Mega Millions Results
On Friday night, October 17, 2025, the MEGA_MILLIONS draw in New Hampshire brought 09 21 27 48 56 back after days away. Given an expected cadence of 1 in 12,103,014 draws, this interval places the result well beyond typical spacing and makes it a meaningful entry for long-term distribution tracking.

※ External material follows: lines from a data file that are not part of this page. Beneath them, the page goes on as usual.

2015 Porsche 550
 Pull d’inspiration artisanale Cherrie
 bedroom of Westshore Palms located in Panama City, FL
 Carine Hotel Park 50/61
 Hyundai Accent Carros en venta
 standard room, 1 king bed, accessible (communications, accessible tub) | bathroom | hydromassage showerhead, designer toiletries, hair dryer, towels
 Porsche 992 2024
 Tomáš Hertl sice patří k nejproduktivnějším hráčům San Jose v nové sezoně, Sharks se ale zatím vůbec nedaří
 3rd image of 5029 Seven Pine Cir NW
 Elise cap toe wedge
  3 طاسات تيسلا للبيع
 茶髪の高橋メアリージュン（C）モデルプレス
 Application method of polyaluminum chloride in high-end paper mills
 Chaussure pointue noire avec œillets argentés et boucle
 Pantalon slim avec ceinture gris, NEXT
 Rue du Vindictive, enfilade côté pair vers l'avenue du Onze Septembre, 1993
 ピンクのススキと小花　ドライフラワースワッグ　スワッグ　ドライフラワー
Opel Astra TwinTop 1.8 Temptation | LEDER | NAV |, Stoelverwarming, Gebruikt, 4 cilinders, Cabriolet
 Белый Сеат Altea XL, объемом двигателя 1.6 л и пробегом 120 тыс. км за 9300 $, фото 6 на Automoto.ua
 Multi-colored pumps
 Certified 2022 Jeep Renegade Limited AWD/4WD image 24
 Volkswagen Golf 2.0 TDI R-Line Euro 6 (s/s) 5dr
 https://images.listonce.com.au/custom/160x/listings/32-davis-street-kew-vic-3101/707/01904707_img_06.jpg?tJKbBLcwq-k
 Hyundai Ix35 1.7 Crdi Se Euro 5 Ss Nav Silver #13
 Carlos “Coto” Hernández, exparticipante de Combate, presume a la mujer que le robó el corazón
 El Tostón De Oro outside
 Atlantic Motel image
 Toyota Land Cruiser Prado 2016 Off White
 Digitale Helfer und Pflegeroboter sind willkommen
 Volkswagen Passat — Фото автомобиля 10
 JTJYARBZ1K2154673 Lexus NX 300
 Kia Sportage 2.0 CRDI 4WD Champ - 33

Winning numbers for 1 draw on October 17, 2025 in New Hampshire.
Draw times: Evening.
Our take on the Mega Millions results
October 17, 2025MEGA_MILLIONS report — Friday night, October 17, 2025: 09 21 27 48 56 shows a notable pattern
On Friday night, October 17, 2025, the MEGA_MILLIONS draw in New Hampshire brought 09 21 27 48 56 back after days away. Given an expected cadence of 1 in 12,103,014 draws, this interval places the result well beyond typical spacing and makes it a meaningful entry for long-term distribution tracking.
Overview
On Friday night, October 17, 2025, the MEGA_MILLIONS draw in New Hampshire brought 09 21 27 48 56 back after days away. Given an expected cadence of 1 in 12,103,014 draws, this interval places the result well beyond typical spacing and makes it a meaningful entry for long-term distribution tracking.
Combo Profile
From a number-profile view, 09 21 27 48 56 uses 5 distinct numbers with no repeats in the pattern. The numbers span 9 to 56, a wide spread.
Why Droughts Matter
Extended absences like this provide context, not direction. They show how randomness behaves across large samples and help analysts quantify how often the system deviates from its baseline cadence.
Data Notes
This analysis uses the draw results recorded for Friday night, October 17, 2025 and compares them against the observed historical cadence for the game. This is descriptive, based on frequency tracking - not predictive modeling.
From Stepzero
At Stepzero, the priority is accuracy and context. This report is intended as a historical record entry, not a forecast.
Additional Context
Long-horizon measurement matters most when viewed across extended windows. As samples expand, the distribution becomes clearer and anomalies settle into their expected ranges. Long-horizon tracking is the only reliable way to separate short-term noise from persistent drift. By logging each outcome against its expected cadence, the system builds a distribution profile that becomes more stable as the sample grows.
Adding to the Long-Term Record
This result adds a measurable entry to the long-term record. Over time, those entries are what sharpen distribution analysis and reveal whether the system is tracking its expected cadence.